• _Exercise prompt_: Look at the data below and print exactly the lines from its first line through the line with "Tiara de novia"; the pictures stay out of the copy.

• _Pictures with short captions_:
=== Begin Enclosure ===
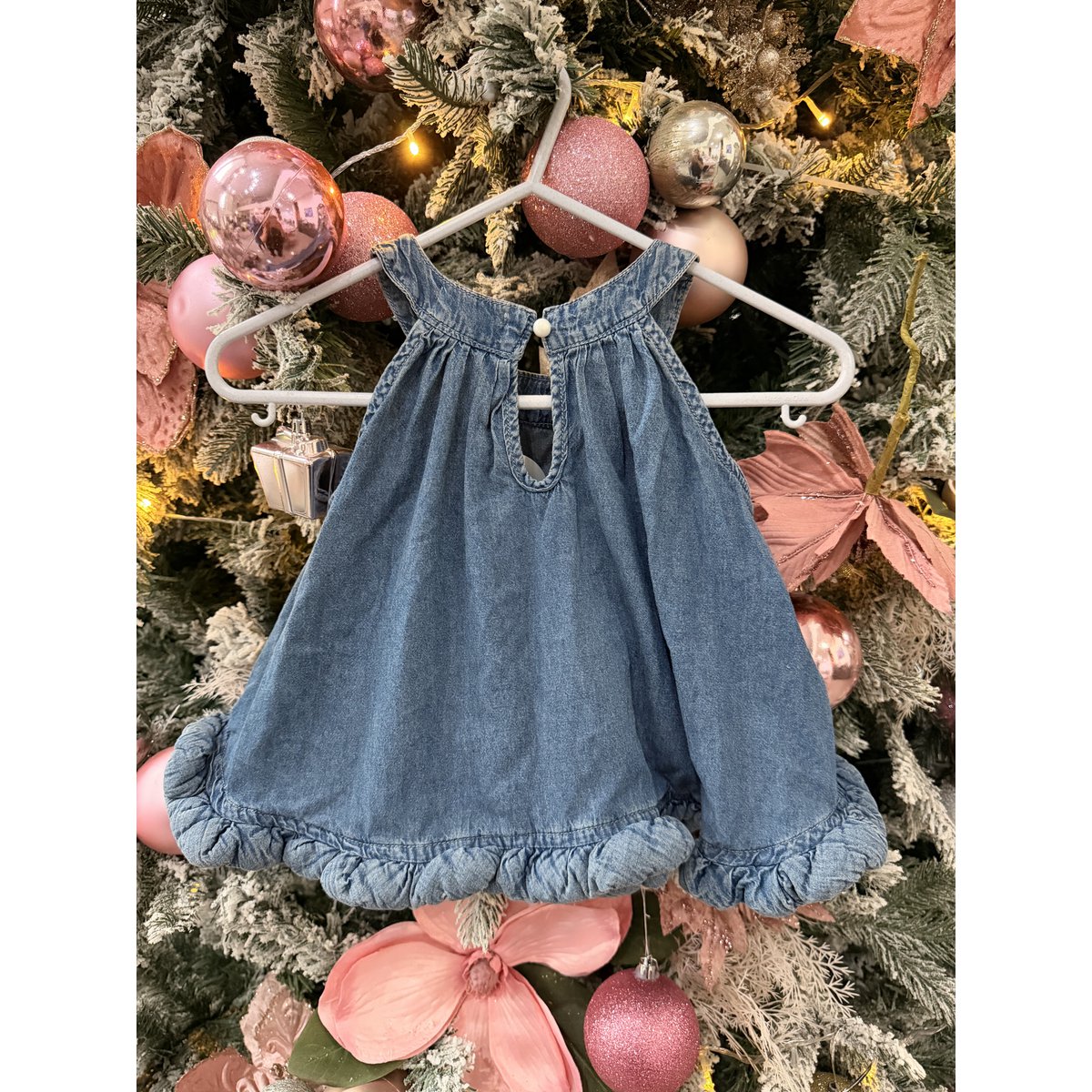 Emmy Denim-Set – Oberteil und Hose
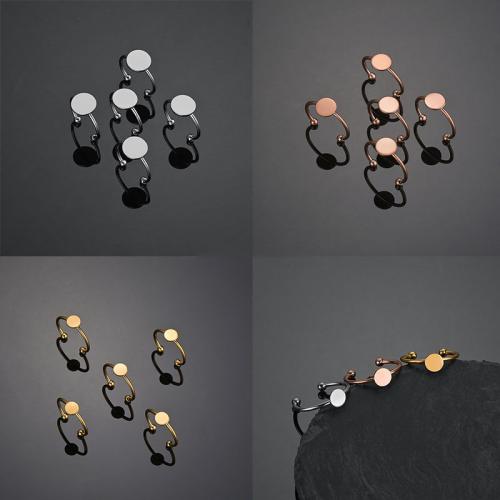 Stainless Steel Finger Ring, 304 Stainless Steel, Round, fashion jewelry & Unisex, more colors for choice, nickel, lead & cadmium free, Inner diameter :16mm, width :8mm., Sold By PC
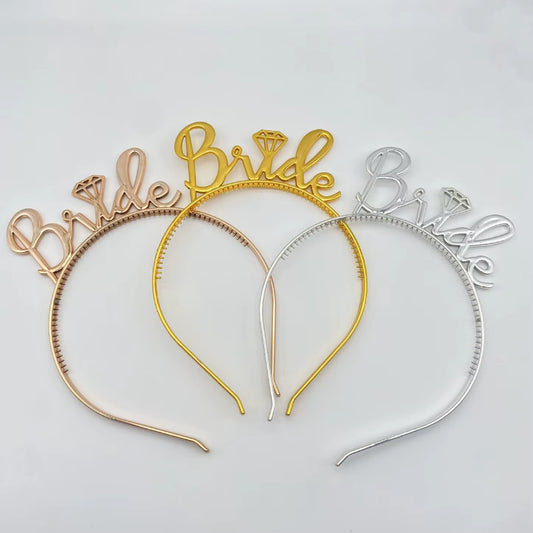 Tiara de novia de plástico – corona divertida para despedida de soltera y boda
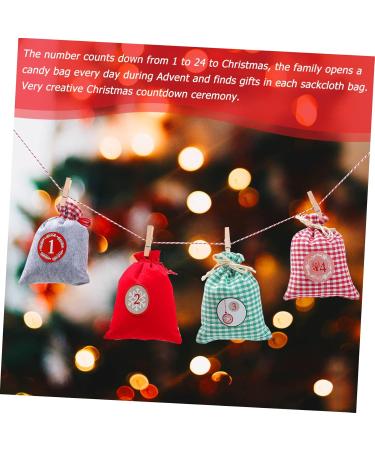 STOBAZA Nativity Advent Calendar 1 set Party Aging Advent Draw Bag Present Pouches Candy Hanging Christmas Countdown Bags - Buy Online on GoSupps.com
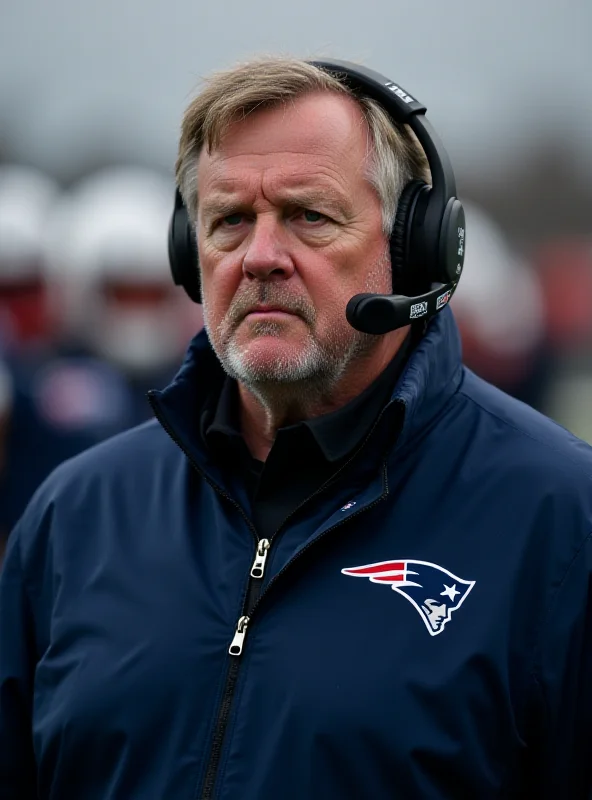 Patriots coach Bill Belichick looking at a play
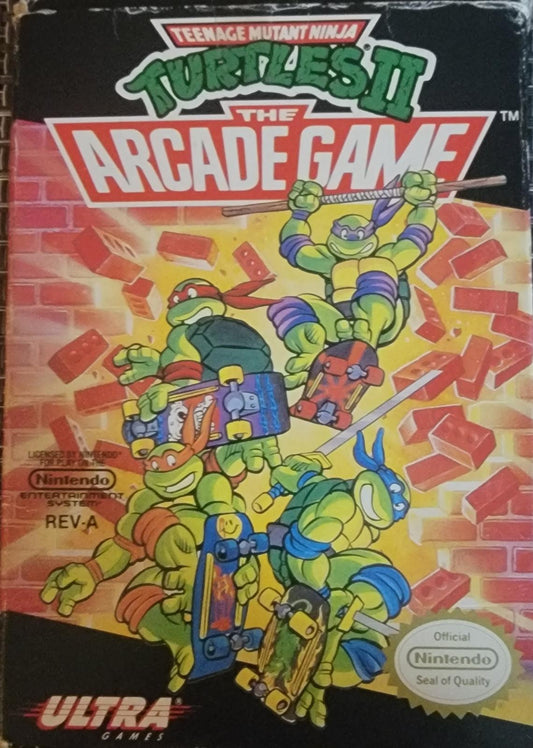 Tony's Treasures Chicago - Teenage Mutant Ninja Turtles II [No Free Pizza Offer] - Video Game - NES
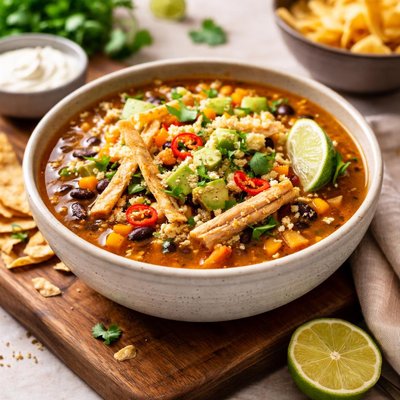 Tortilla chicken soup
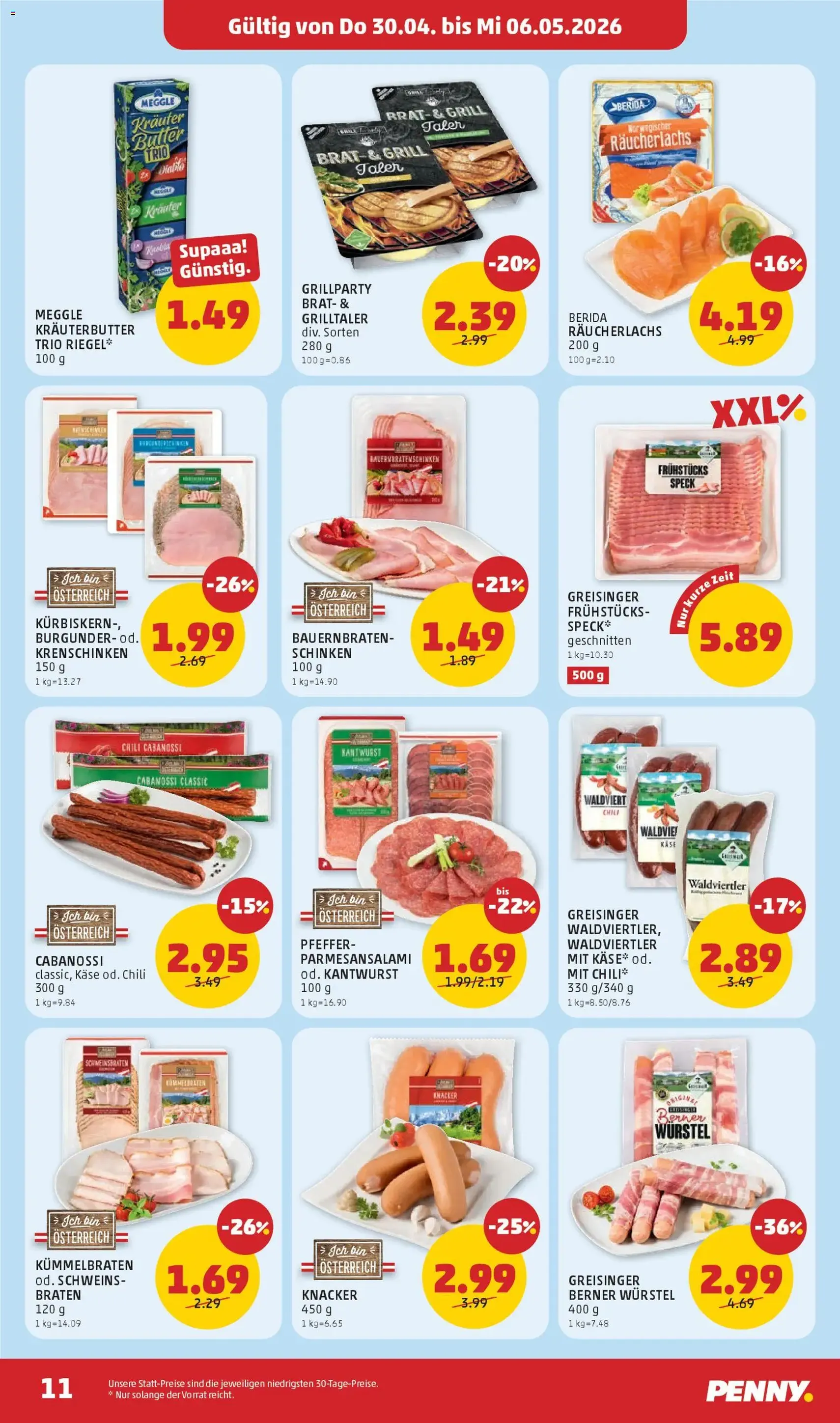 Penny Markt - Flugblatt - Gültiger Prospekt ab 30.04.2026, Seite 11 von insgesamt 32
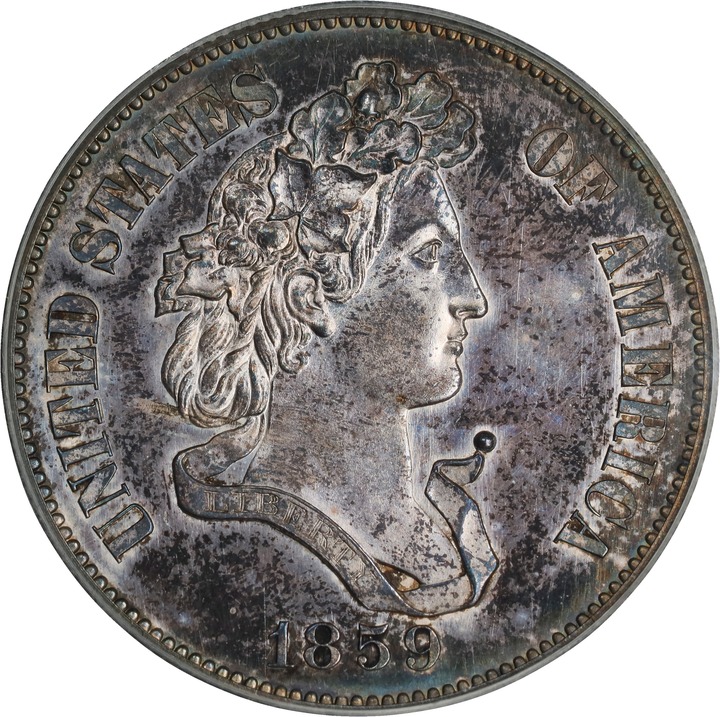 1859 P50c Silver, J-239 PR thumbnail 2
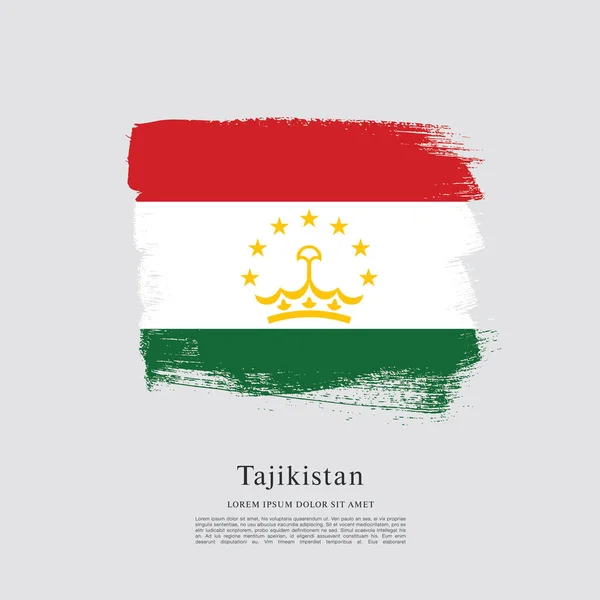 stock vector national flag of Tajikistan 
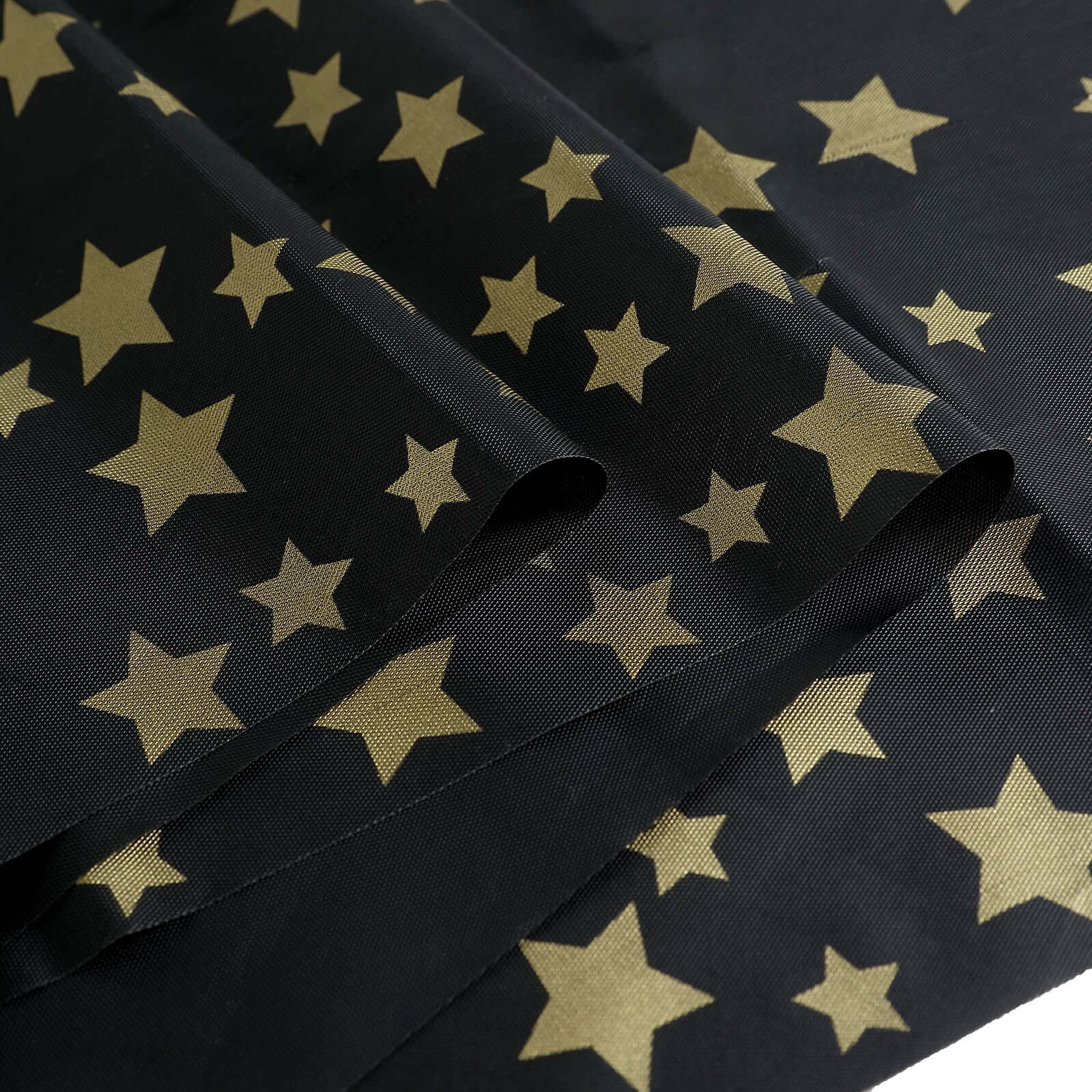 5-Pack Plastic Table Covers Black Rectangle with Gold Stars - Decorative PVC Disposable Tablecloths 54"x108"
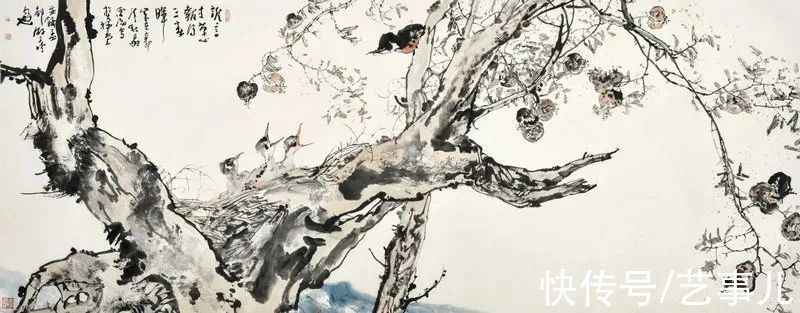 教授!尹沧海教授石榴作品欣赏:清简空灵 独出机杼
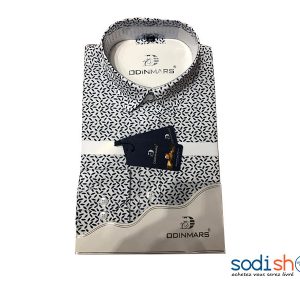 Chemise à Motif OdinMars - Couleur Blanc Pour Homme BC00103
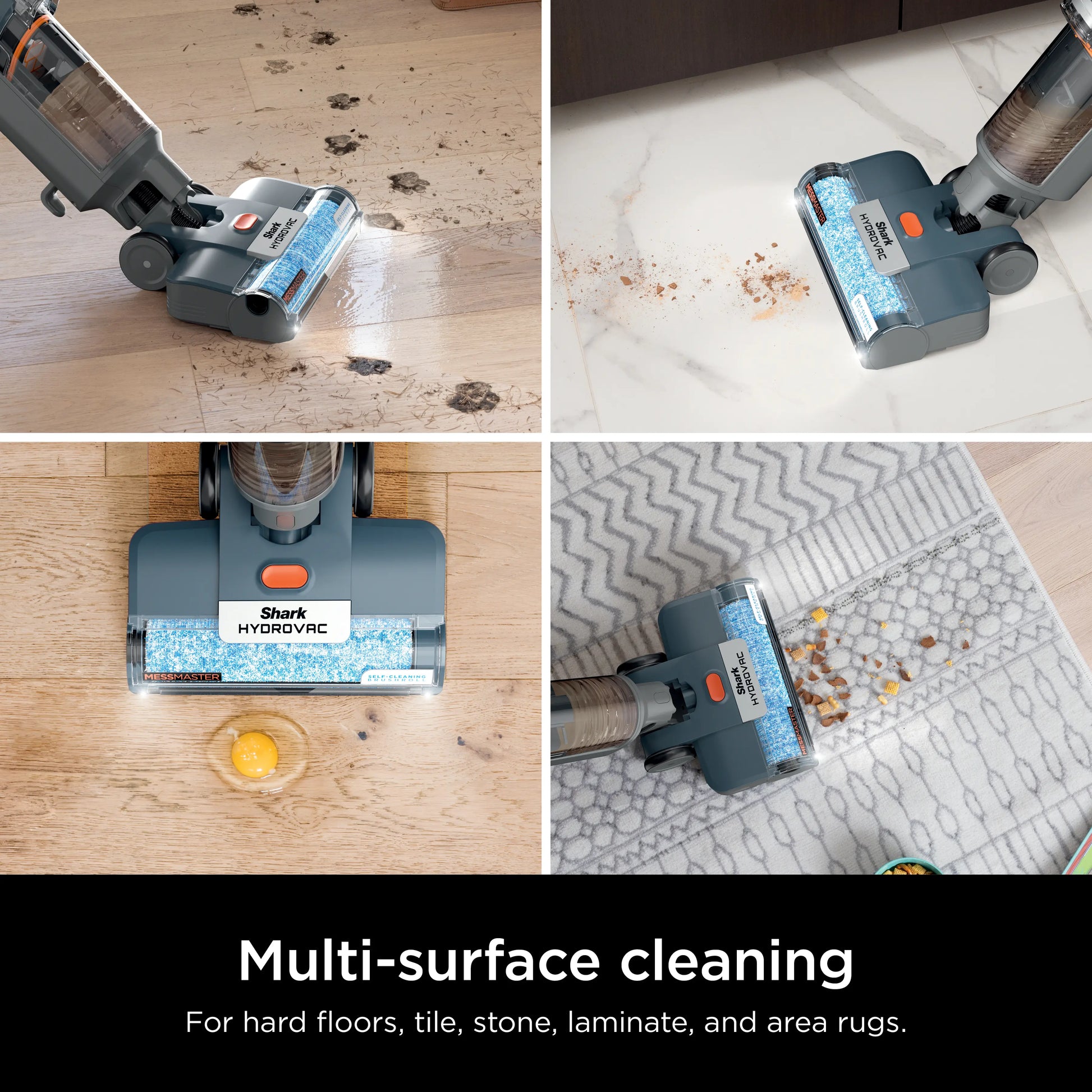 Shark Hydrovac Messmaster WD161 Corded 3-in-1 Vacuum, Mop, and Self-Cleaning System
=== End Enclosure ===
• _Response to this task_:
 Emmy Denim-Set – Oberteil und Hose
 Stainless Steel Finger Ring, 304 Stainless Steel, Round, fashion jewelry & Unisex, more colors for choice, nickel, lead & cadmium free, Inner diameter :16mm, width :8mm., Sold By PC
 Tiara de novia de plástico – corona divertida para despedida de soltera y boda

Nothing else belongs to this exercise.